I am interested in running Uniprot's Protein descriptor model, ProtNLM, to add some bonus descriptors for a big chunk of protein sequence I have.
They have a trial notebook available here.
Here is the full code of the notebook:
!python3 -m pip install -q -U tensorflow==2.8.2
!python3 -m pip install -q -U tensorflow-text==2.8.2
import tensorflow as tf
import tensorflow_text
import numpy as np
import re
import IPython.display
from absl import logging
tf.compat.v1.enable_eager_execution()
logging.set_verbosity(logging.ERROR) # Turn down tensorflow warnings
def print_markdown(string):
IPython.display.display(IPython.display.Markdown(string))
! mkdir -p protnlm
! wget -nc https://storage.googleapis.com/brain-genomics-public/research/proteins/protnlm/uniprot_2022_04/savedmodel__20221011__030822_1128_bs1.bm10.eos_cpu/saved_model.pb -P protnlm -q --no-check-certificate
! mkdir -p protnlm/variables
! wget -nc https://storage.googleapis.com/brain-genomics-public/research/proteins/protnlm/uniprot_2022_04/savedmodel__20221011__030822_1128_bs1.bm10.eos_cpu/variables/variables.index -P protnlm/variables/ -q --no-check-certificate
! wget -nc https://storage.googleapis.com/brain-genomics-public/research/proteins/protnlm/uniprot_2022_04/savedmodel__20221011__030822_1128_bs1.bm10.eos_cpu/variables/variables.data-00000-of-00001 -P protnlm/variables/ -q --no-check-certificate
imported = tf.saved_model.load(export_dir="protnlm")

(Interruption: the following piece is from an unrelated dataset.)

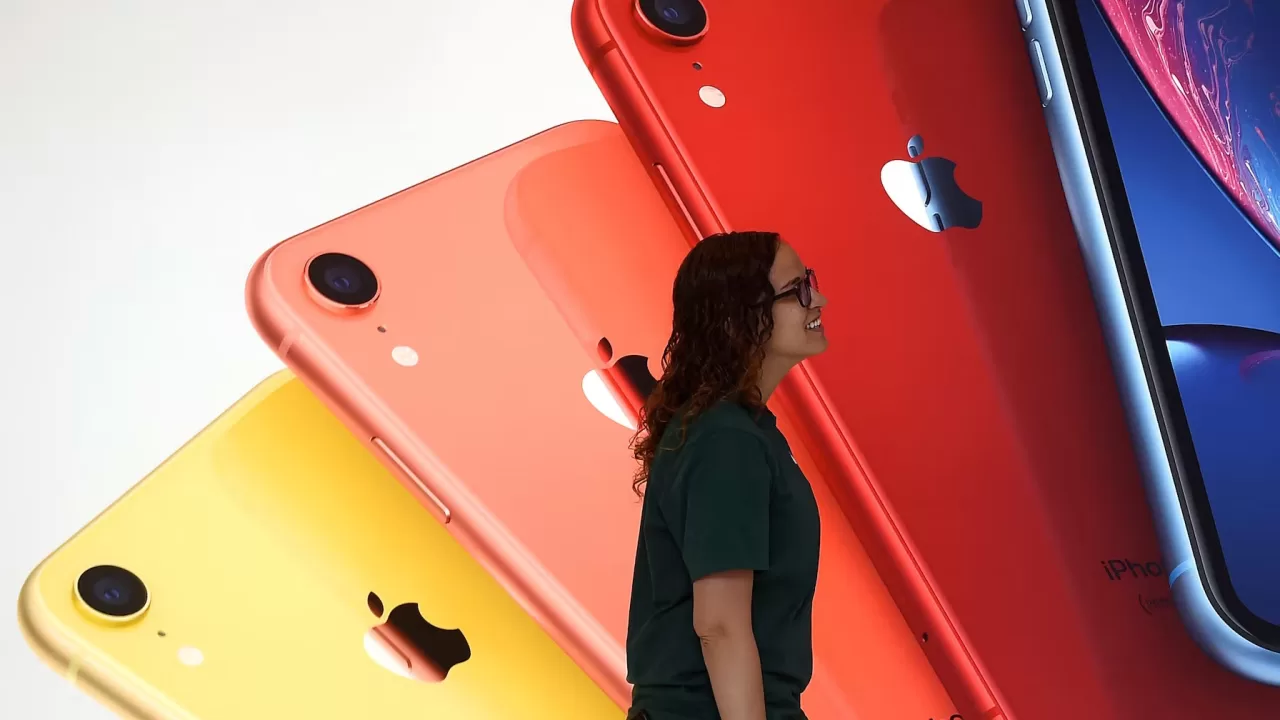 Сотрудница Apple Store проходит мимо иллюстрации iPhone в новой Библиотеке Карнеги во время торжественного открытия и медиа-презентации в Вашингтоне, 9 мая 2019 года / Фото Reuters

infer = imported.signatures["serving_default"]
sequence = "MVLSPADKTNVKAAWGKVGAHAGEYGAEALERMFLSFPTTKTYFPHFDLSHGSAQVKGHG KKVADALTNAVAHVDDMPNALSALSDLHAHKLRVDPVNFKLLSHCLLVTLAAHLPAEFTP AVHASLDKFLASVSTVLTSKYR" #@param {type:"string"}
sequence = sequence.replace(' ', '')
names, scores = run_inference(sequence)
for name, score, i in zip(names, scores, range(len(names))):
print_markdown(f"Prediction number {i+1}: **{name}** with a score of **{score:.03f}**")

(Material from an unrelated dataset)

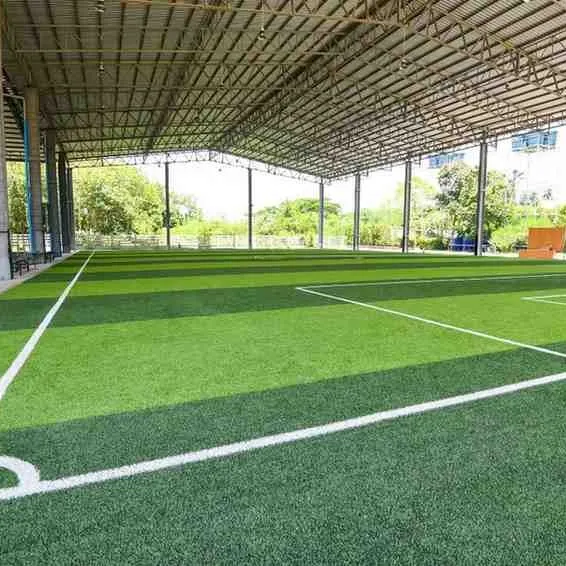 This covered football pitch is one of our flagship projects, demonstrating our ability to deliver large-scale, all-weather sports solutions. The turf is engineered for consistent ball roll and player comfort.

The one change I have made is to update the tensorflow version on these lines:
!python3 -m pip install -q -U tensorflow==2.8.2
!python3 -m pip install -q -U tensorflow-text==2.8.2
to be >=2.8.2
since the 2.8.2 version couldn't be installed.

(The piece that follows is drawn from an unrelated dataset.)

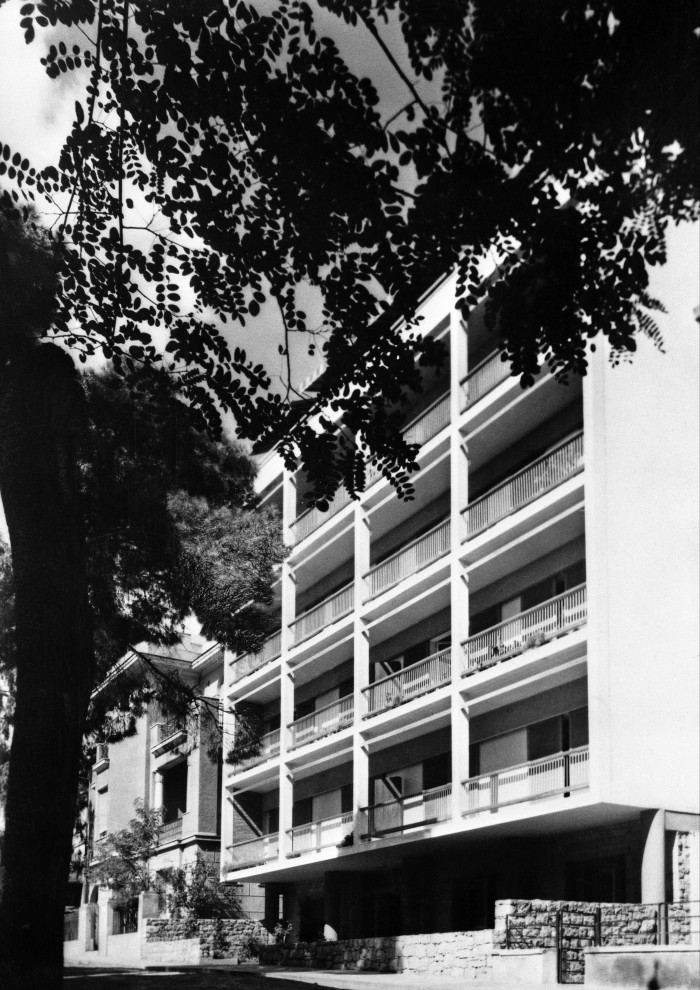 Black-and-white photograph of a rectangular, white-walled modernist building, five storeys high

Now, I can't run the model whatsoever. The third cell, which intakes the sequence, can't find the run_inference()
function:
NameError
Traceback (most recent call last)
<ipython-input-5-4a7325a0e004> in <cell line: 0>()
8 sequence = sequence.replace(' ', '')
9
---> 10 names, scores = run_inference(sequence)
11
12 for name, score, i in zip(names, scores, range(len(names))):
NameError: name 'run_inference' is not defined
I didn't see this function defined in the notebook, so I assumed it was internal to tensorflow (maybe only version 2.8.2, but I couldn't find anything in searching docs), or otherwise loaded with the model.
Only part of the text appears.